Preventing Cervical Cancer and Precancerous Lesions

Medical Care Criteria Committee, February 2018

RECOMMENDATION
HPV Vaccine
  • Clinicians should recommend the 9-valent human papilloma virus (HPV) vaccine three-dose series at 0, 2, and 6 months to all individuals aged 9 to 26 years with HIV regardless of CD4 cell count, and prior cervical or anal Pap test results, HPV-related cytologic changes, or history of HPV lesions. (A3)

Nearly 100% of cervical cancers are associated with HPV infections [Winer et al. 2006; CDC 2015, 2017; Chaturvedi et al. 2011]. Although the HPV infection subtypes most commonly associated with cervical cancer are HPV 16 and HPV 18 in the general population [CDC 2015], a subgroup of approximately 13 different HPV subtypes can cause infections that result in benign condylomata acuminata (genital warts), squamous intraepithelial lesions, and cervical cancer or other anogenital carcinomas [Howlader et al. 2017]. In females living with HIV infection, a broader range of HPV oncogenic subtypes are associated with cervical dysplasia.

HPV vaccine prevents precancerous lesions: The U.S. Food and Drug Administration has approved bivalent, quadrivalent, and 9-valent HPV vaccines for young people aged 9 to 26 years, the age group in which the studies evaluating the vaccines were conducted. This age group is most likely to have an immune response to the vaccine and least likely to have already been exposed to the virus. Available data do not support HPV vaccination in adults with HIV infection who are older than 26 years [Wilkin et al. 2016]. Because of the broader coverage offered by the 9-valent HPV vaccine, it is the only HPV vaccine currently available in the United States (see the Center for Disease Control [CDC]’s HPV Vaccine for Clinicians for more information).
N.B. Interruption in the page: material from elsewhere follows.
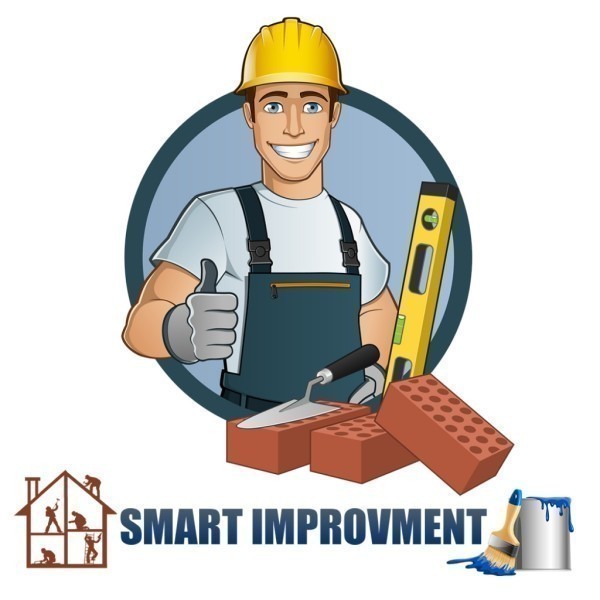 Smart improvement logo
The 9-valent vaccine protects against non-oncogenic HPV subtypes 6 and 11 and oncogenic HPV subtypes 16, 18, 31, 33, 45, 52, and 58 [FDA 2016]. Most studies indicate that the quadrivalent vaccine invokes an immune response in young people aged 9 to 26 years with HIV [Levin et al. 2017; Money et al. 2016; Denny et al. 2012]. Although the 9-valent vaccine has not been specifically studied in people living with HIV infection, it is assumed that the response will be the same in this population as with the 4-valent vaccine. It is the preferred vaccine because of the broader range of HPV subtypes seen in this population [AIDSinfo 2016; Huh et al. 2017].

Offer HPV vaccine regardless of CD4 count: HPV vaccination should be offered regardless of CD4 cell count [Kojic et al. 2014]. In the general population, a 2-dose vaccine regimen is recommended for individuals younger than 15 years, and the 3-dose vaccine regimen is recommended for individuals aged 15 years and older. For youth aged 9 to 26 years living with HIV, the 3-dose regimen remains the recommended approach [CDC 2016]. The 9-valent HPV vaccine should be administered according to the standard (CDC) schedule for immunocompromised adults and children and adolescents. In individuals who have had an abnormal Pap test result before being vaccinated, the HPV vaccine may protect against infection from HPV subtypes other than those that caused earlier or existing cervical abnormalities. See the AIDSinfo guideline on Human Papilloma Virus Disease for more information about HPV vaccination in populations with HIV [AIDSinfo 2016].

Risk of HPV-related cervical disease higher in females with HIV infection: In females with HIV infection, the risk of HPV-related cervical disease is greater than in females who do not have HIV [McKenzie et al. 2010], and cervical cancer is the leading cause of cancer death among this population [Dryden-Peterson et al. 2016]. In addition, females with HIV infection present with cervical cancer at later stages, when treatment is less successful [Maiman et al. 1993], and they have more recurrences [Huchko et al. 2014], and poorer survival rates [Dryden-Peterson et al. 2016]. These findings are most notable in females who are immune suppressed [Kreitchmann et al. 2013]. Studies also demonstrate that females with HIV infection are more likely to have abnormal cervical cytology results and that HPV DNA tests alone without cervical cytology may not adequately predict cervical abnormalities in this population [Heard 2009; Grulich et al. 2007]. However, antiretroviral therapy has a positive effect on the natural history of cervical disease in females with HIV infection by improving regression and decreasing the rate of cervical disease progression [Adler et al. 2012]. Regular cervical cytologic screening to identify precancerous lesions, coupled with treatment and follow-up, is an effective intervention for decreasing the incidence of cervical cancer [Heard 2009; Moyer 2012]. Cigarette smoking potentiates the risk for acquisition and progression of high-grade cervical intraepithelial neoplasia in females with HIV infection [Collins et al. 2010] (see NYSDOH AI Smoking Cessation Guideline).

References

Adler DH, Kakinami L, Modisenyane T, et al. Increased regression and decreased incidence of human papillomavirus-related cervical lesions among HIV-infected women on HAART. Aids 2012;26(13):1645-52. [PMID: 22555167]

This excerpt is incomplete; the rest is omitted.